=== WHAT THIS TASK INVOLVES ===
Copy out the lines of the records below, and only those lines, from the one with "Heart Tea Sandwiches" through the one with "Long-Sleeve Mock-Neck Merino Sweater", exactly as they appear.

=== TASK INPUTS ===
========================================================================
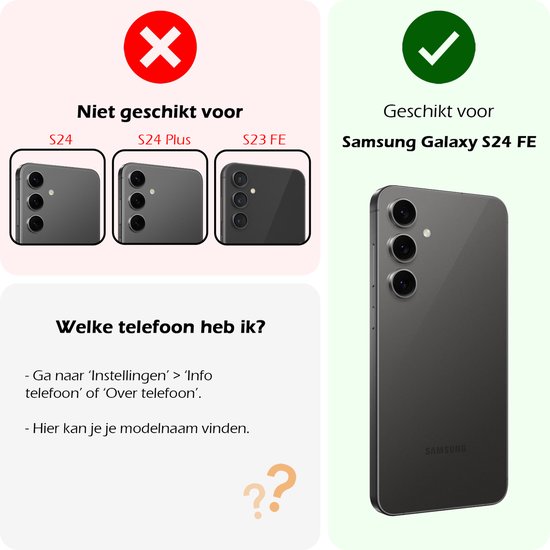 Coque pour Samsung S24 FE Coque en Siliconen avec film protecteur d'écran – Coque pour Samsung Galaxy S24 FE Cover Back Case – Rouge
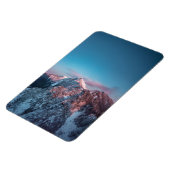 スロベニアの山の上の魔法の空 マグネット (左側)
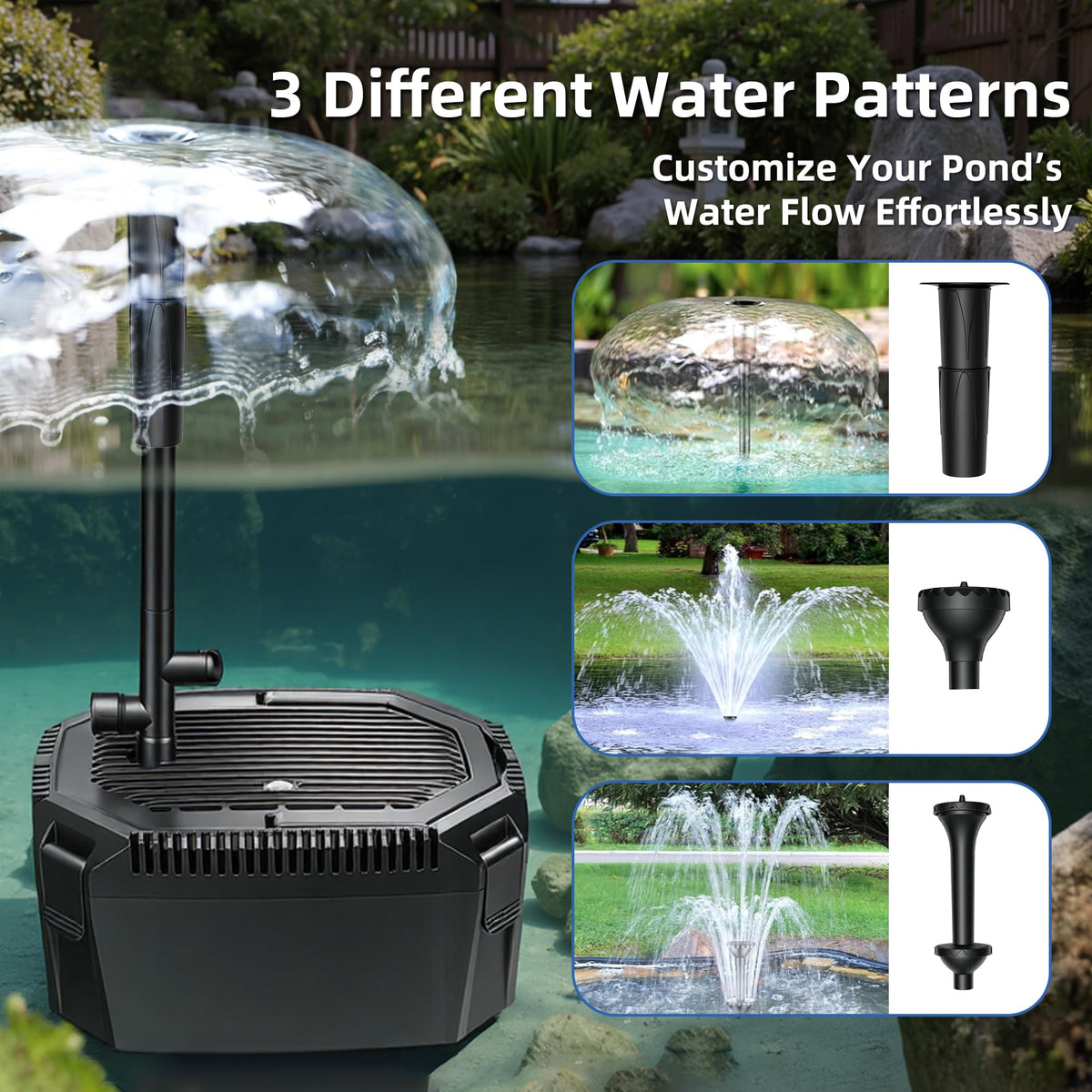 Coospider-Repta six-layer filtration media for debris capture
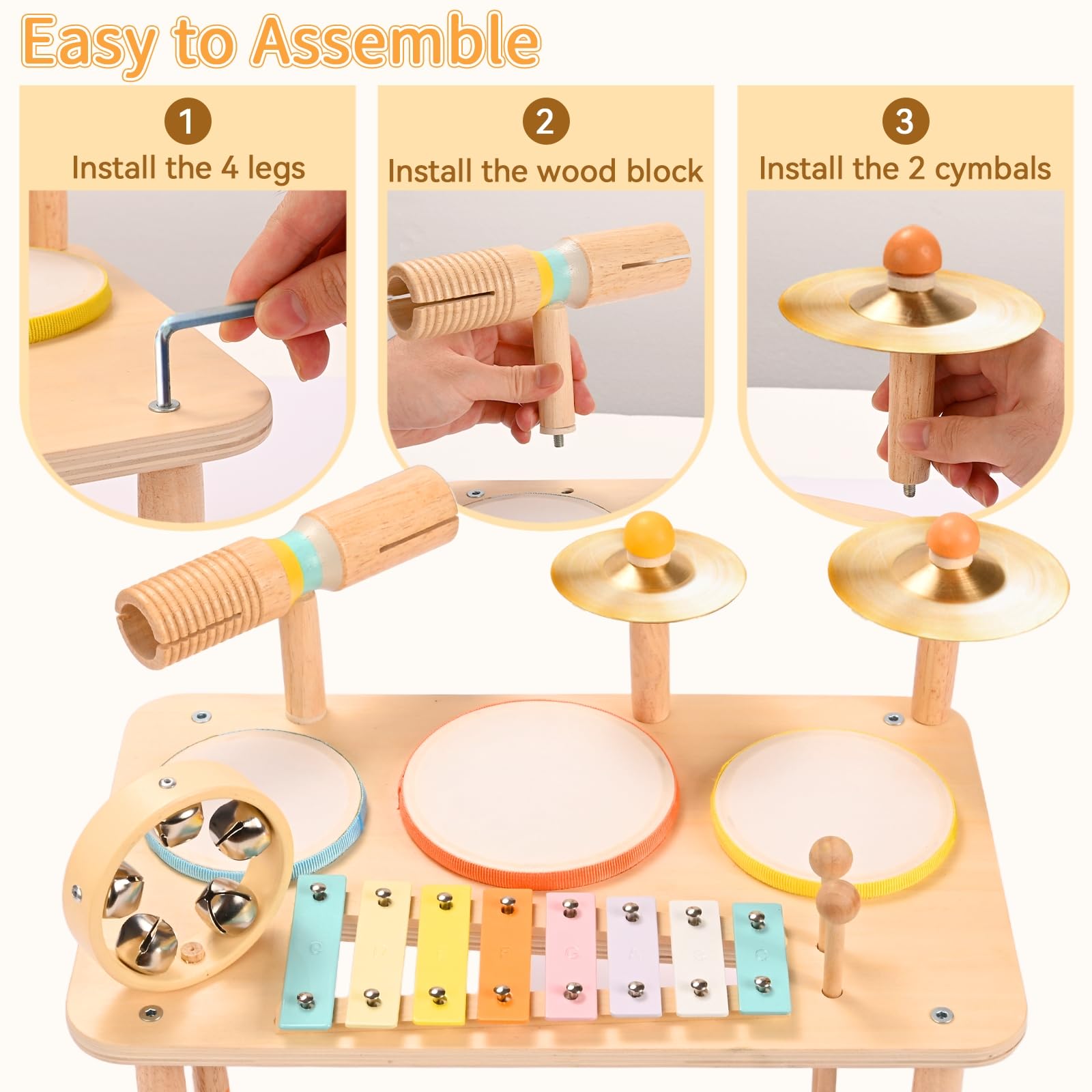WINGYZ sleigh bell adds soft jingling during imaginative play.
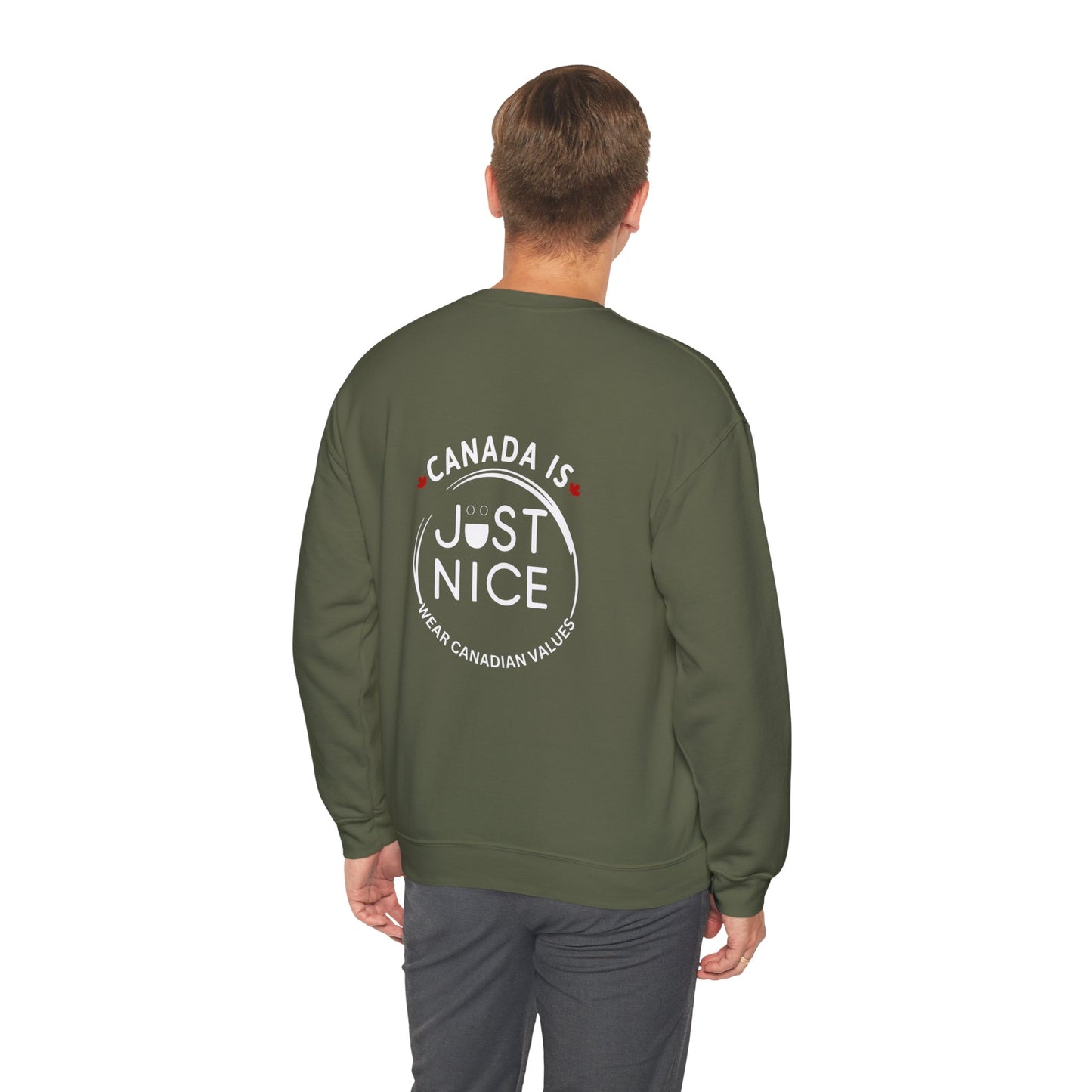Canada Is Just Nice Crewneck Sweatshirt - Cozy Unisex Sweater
========================================================================
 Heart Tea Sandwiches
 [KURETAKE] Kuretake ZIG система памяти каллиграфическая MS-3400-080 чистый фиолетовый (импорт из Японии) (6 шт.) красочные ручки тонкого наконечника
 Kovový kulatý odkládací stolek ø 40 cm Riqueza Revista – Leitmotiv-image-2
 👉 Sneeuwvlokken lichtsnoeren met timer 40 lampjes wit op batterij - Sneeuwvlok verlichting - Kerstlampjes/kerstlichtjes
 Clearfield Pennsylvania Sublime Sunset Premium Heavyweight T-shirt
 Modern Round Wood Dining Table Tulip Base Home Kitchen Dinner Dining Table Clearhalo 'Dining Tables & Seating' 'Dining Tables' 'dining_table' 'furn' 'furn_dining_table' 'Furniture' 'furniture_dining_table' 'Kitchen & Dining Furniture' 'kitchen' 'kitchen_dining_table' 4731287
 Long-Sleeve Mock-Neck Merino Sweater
========================================================================
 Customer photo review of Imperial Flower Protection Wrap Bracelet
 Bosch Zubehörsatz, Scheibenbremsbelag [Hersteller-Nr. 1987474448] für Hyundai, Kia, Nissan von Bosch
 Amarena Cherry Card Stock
========================================================================
=== WRITTEN RESPONSE ===
 Heart Tea Sandwiches
 [KURETAKE] Kuretake ZIG система памяти каллиграфическая MS-3400-080 чистый фиолетовый (импорт из Японии) (6 шт.) красочные ручки тонкого наконечника
 Kovový kulatý odkládací stolek ø 40 cm Riqueza Revista – Leitmotiv-image-2
 👉 Sneeuwvlokken lichtsnoeren met timer 40 lampjes wit op batterij - Sneeuwvlok verlichting - Kerstlampjes/kerstlichtjes
 Clearfield Pennsylvania Sublime Sunset Premium Heavyweight T-shirt
 Modern Round Wood Dining Table Tulip Base Home Kitchen Dinner Dining Table Clearhalo 'Dining Tables & Seating' 'Dining Tables' 'dining_table' 'furn' 'furn_dining_table' 'Furniture' 'furniture_dining_table' 'Kitchen & Dining Furniture' 'kitchen' 'kitchen_dining_table' 4731287
 Long-Sleeve Mock-Neck Merino Sweater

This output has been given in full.